→ WORK TASK: Restate word for word the lines in the listing below, starting at the line containing "周杰伦《告白气球吉他谱》C调弹唱吉他谱简谱" and ending at the line containing "哪吒密钥延期公告引发玩家热议游戏未来发展方向及影响分析", both included; leave out the rest.

→ DATA TO EXAMINE:
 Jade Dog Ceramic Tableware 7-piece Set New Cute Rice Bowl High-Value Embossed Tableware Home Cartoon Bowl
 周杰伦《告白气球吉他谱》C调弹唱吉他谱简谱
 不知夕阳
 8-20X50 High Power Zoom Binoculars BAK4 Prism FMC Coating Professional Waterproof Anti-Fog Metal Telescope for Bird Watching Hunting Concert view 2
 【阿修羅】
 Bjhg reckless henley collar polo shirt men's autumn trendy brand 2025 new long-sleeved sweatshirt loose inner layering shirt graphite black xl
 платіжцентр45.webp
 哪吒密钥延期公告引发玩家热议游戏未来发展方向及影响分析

--

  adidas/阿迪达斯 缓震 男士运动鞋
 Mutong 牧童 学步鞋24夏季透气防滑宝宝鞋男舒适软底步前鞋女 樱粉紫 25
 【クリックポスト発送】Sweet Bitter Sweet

→ OUTPUT BELOW:
 周杰伦《告白气球吉他谱》C调弹唱吉他谱简谱
 不知夕阳
 8-20X50 High Power Zoom Binoculars BAK4 Prism FMC Coating Professional Waterproof Anti-Fog Metal Telescope for Bird Watching Hunting Concert view 2
 【阿修羅】
 Bjhg reckless henley collar polo shirt men's autumn trendy brand 2025 new long-sleeved sweatshirt loose inner layering shirt graphite black xl
 платіжцентр45.webp
 哪吒密钥延期公告引发玩家热议游戏未来发展方向及影响分析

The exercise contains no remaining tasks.